__Exercise details__: Your answer must restate each entry below word for word, with no pictures in it.

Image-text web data
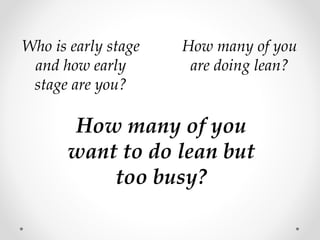How many of you
are doing lean?
How many of you
want to do lean but
too busy?
Who is early stage
and how early
stage are you?
 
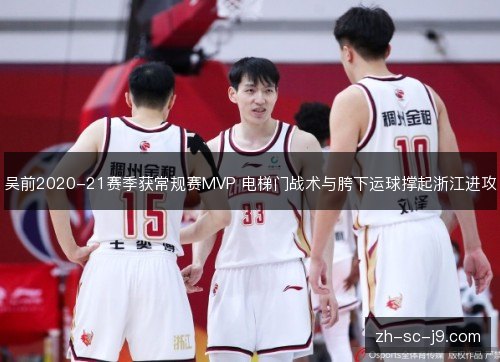 吴前2020-21赛季获常规赛MVP 电梯门战术与胯下运球撑起浙江进攻 吴前2020-21赛季获常规赛MVP 电梯门战术与胯下运球撑起浙江进攻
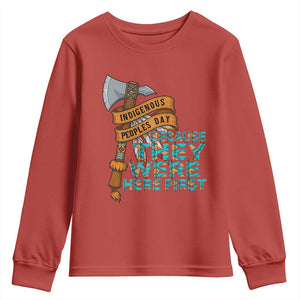 Indigenous People Youth Sweatshirt Native American Day Because They Were Here First TS14 Red Print Your Wear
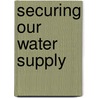 Securing Our Water Supply by Dan J. Kroll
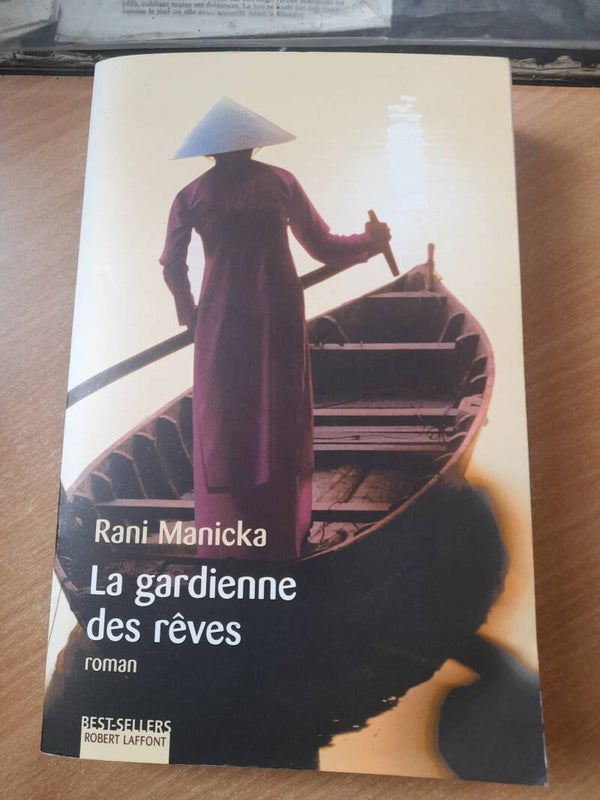 La gardienne des rêves - rani Manicka - Robert Laffont - 2003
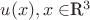 $u(x), x\in $\mathbb R$ ^3$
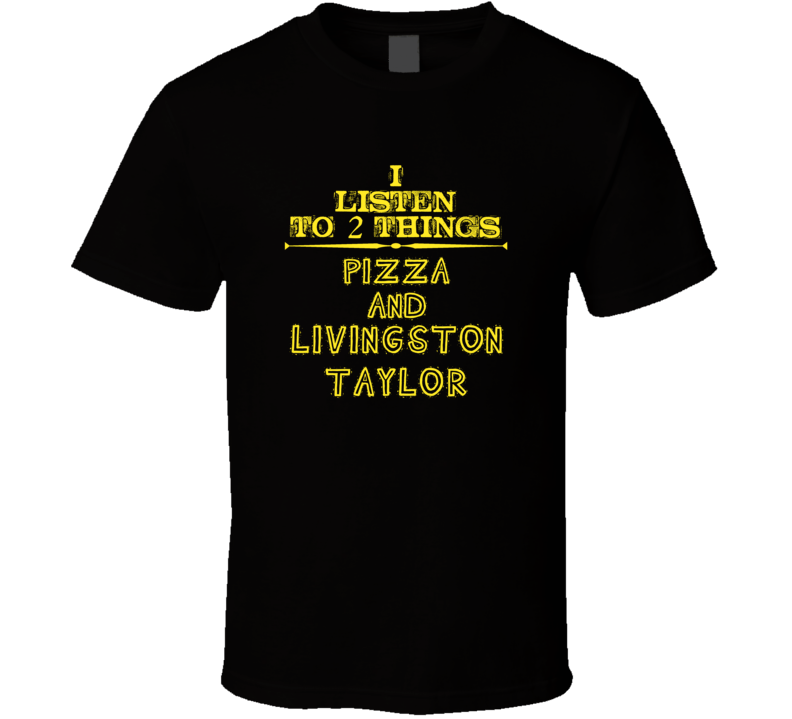 I Listen To 2 Things Pizza And Livingston Taylor Cool T Shirt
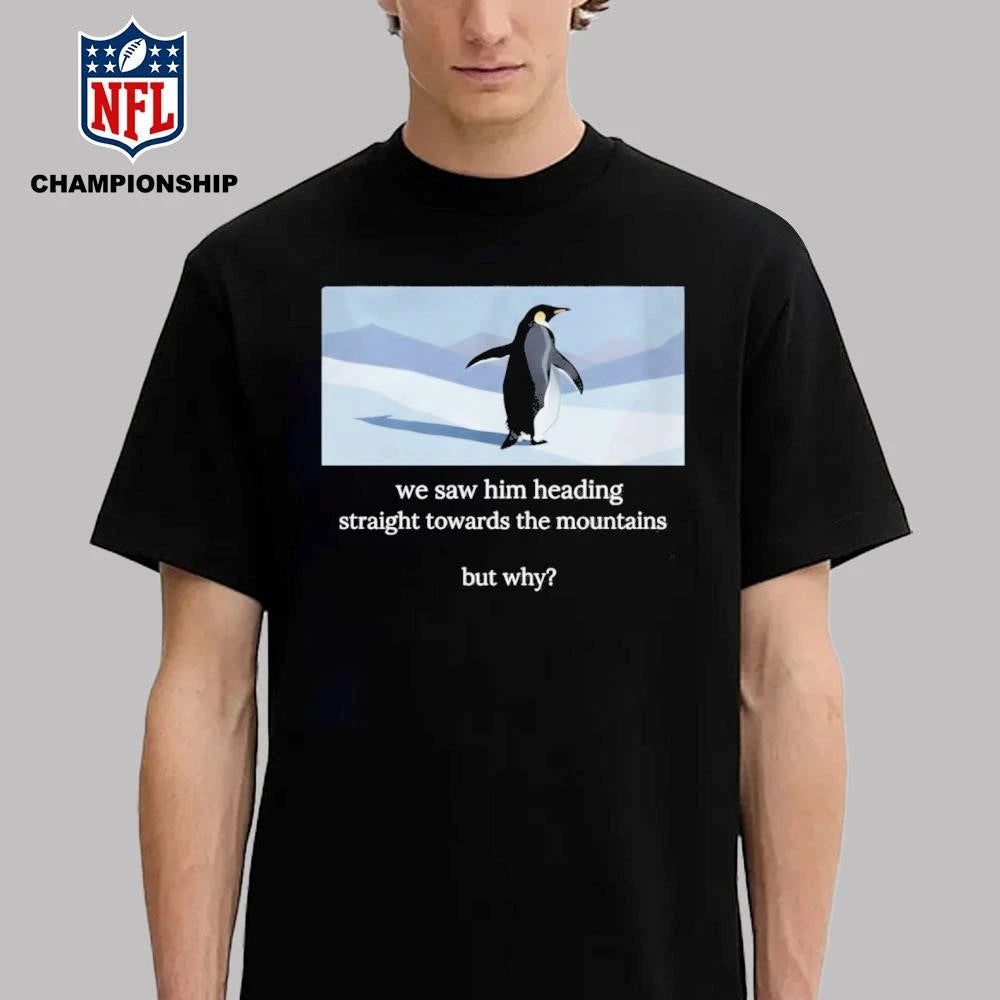 Penguin We Saw Him Heading Straight Toward The Mountains But Why Funny Hiker Meme Shirt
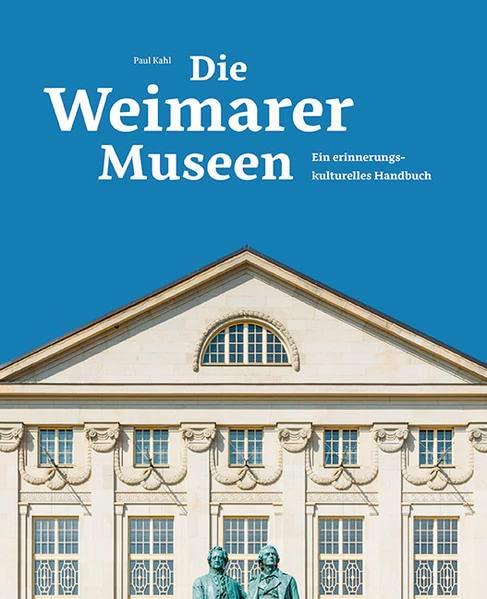 Die Weimarer Museen: Ein erinnerungskulturelles Handbuch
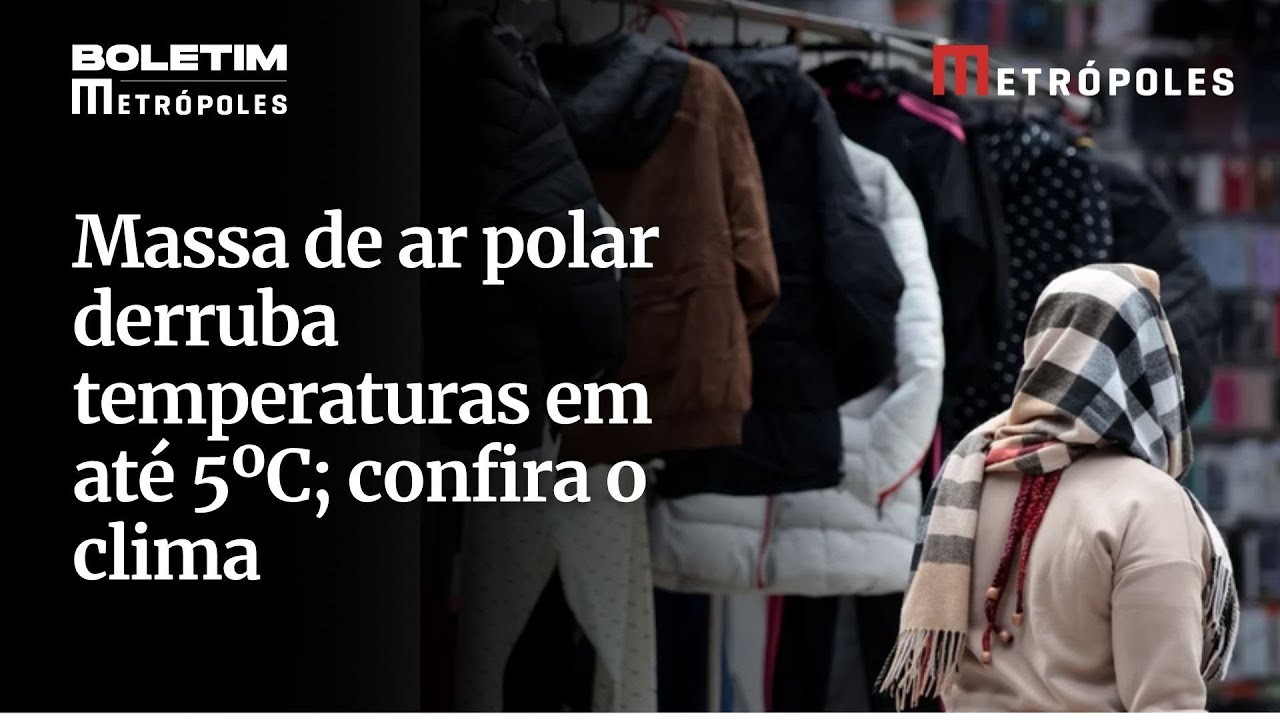 Massa de ar polar derruba temperaturas em até 5ºC confira o clima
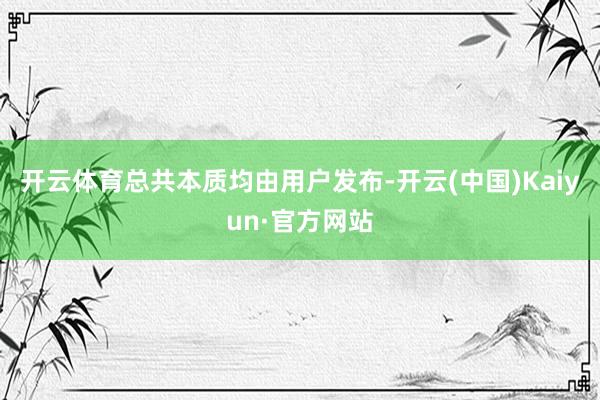 开云体育总共本质均由用户发布-开云(中国)Kaiyun·官方网站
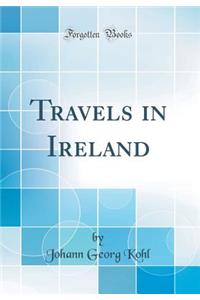 Travels in Ireland (Classic Reprint)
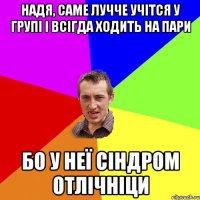 Надя, саме лучче учітся у групі і всігда ходить на пари бо у неї сіндром отлічніци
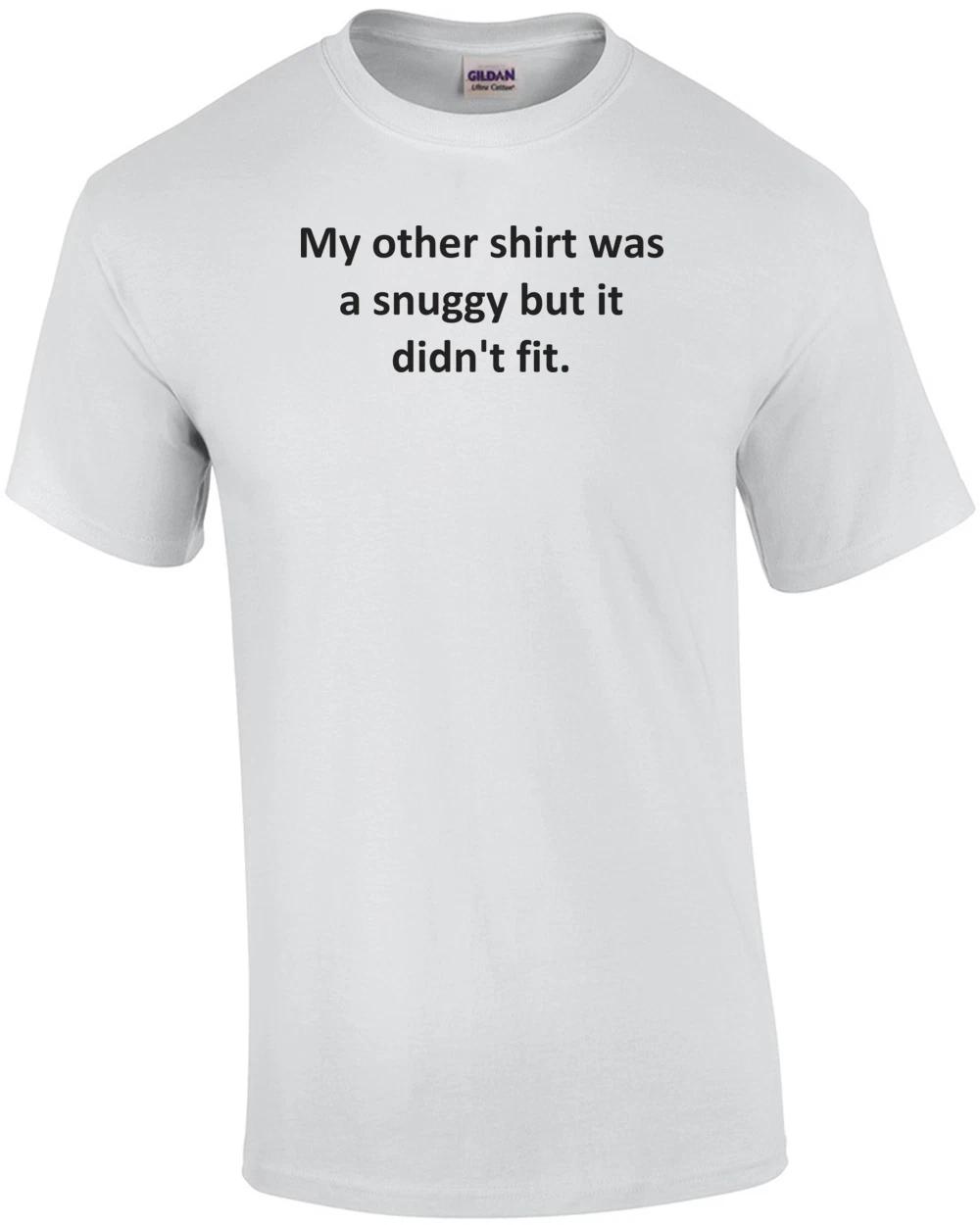 

My other shirt was a snuggy but it didn t fit. Shirt 2XL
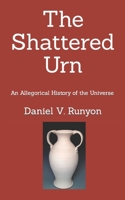 The Shattered Urn: An Allegorical History of the Universe 1878559168 Book Cover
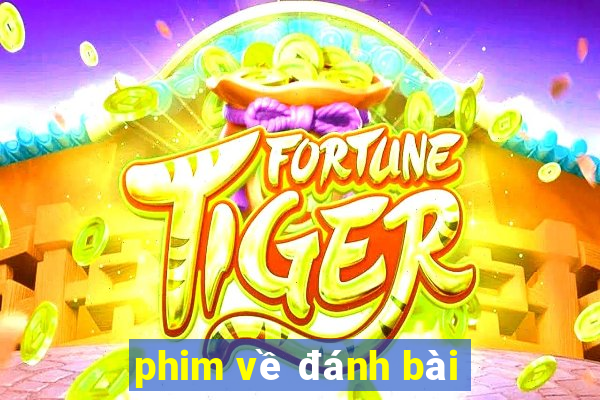 phim về đánh bài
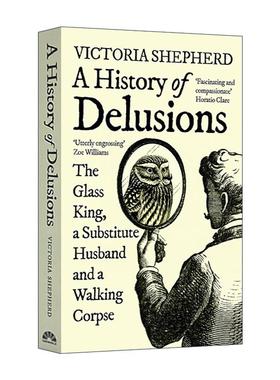 英文原版 A History of Delusions 人类妄想史 Victoria Shepherd 英文版 进口英语原版书籍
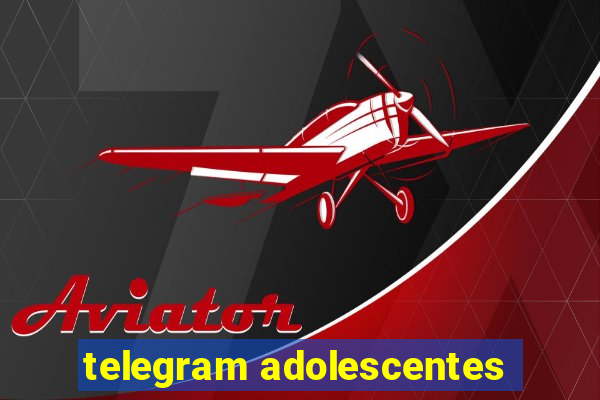 telegram adolescentes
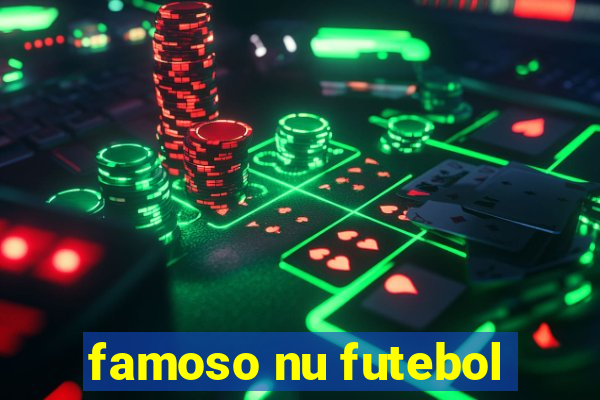 famoso nu futebol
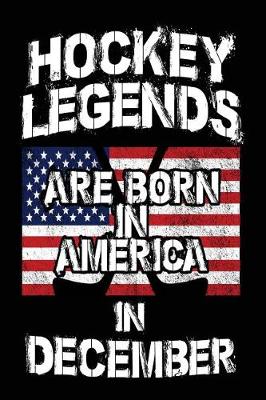 Book cover for Hockey Legends Are Born In America In December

__Answer for the task__:
How many of you
are doing lean?
How many of you
want to do lean but
too busy?
Who is early stage
and how early
stage are you?
 
 吴前2020-21赛季获常规赛MVP 电梯门战术与胯下运球撑起浙江进攻 吴前2020-21赛季获常规赛MVP 电梯门战术与胯下运球撑起浙江进攻
 Indigenous People Youth Sweatshirt Native American Day Because They Were Here First TS14 Red Print Your Wear
 Securing Our Water Supply by Dan J. Kroll
 La gardienne des rêves - rani Manicka - Robert Laffont - 2003
 $u(x), x\in $\mathbb R$ ^3$
 I Listen To 2 Things Pizza And Livingston Taylor Cool T Shirt
 Penguin We Saw Him Heading Straight Toward The Mountains But Why Funny Hiker Meme Shirt
 Die Weimarer Museen: Ein erinnerungskulturelles Handbuch
 Massa de ar polar derruba temperaturas em até 5ºC confira o clima
 开云体育总共本质均由用户发布-开云(中国)Kaiyun·官方网站
 Travels in Ireland (Classic Reprint)
 Надя, саме лучче учітся у групі і всігда ходить на пари бо у неї сіндром отлічніци

My other shirt was a snuggy but it didn t fit. Shirt 2XL
 The Shattered Urn: An Allegorical History of the Universe 1878559168 Book Cover
 phim về đánh bài
 英文原版 A History of Delusions 人类妄想史 Victoria Shepherd 英文版 进口英语原版书籍
 telegram adolescentes
 famoso nu futebol
 Book cover for Hockey Legends Are Born In America In December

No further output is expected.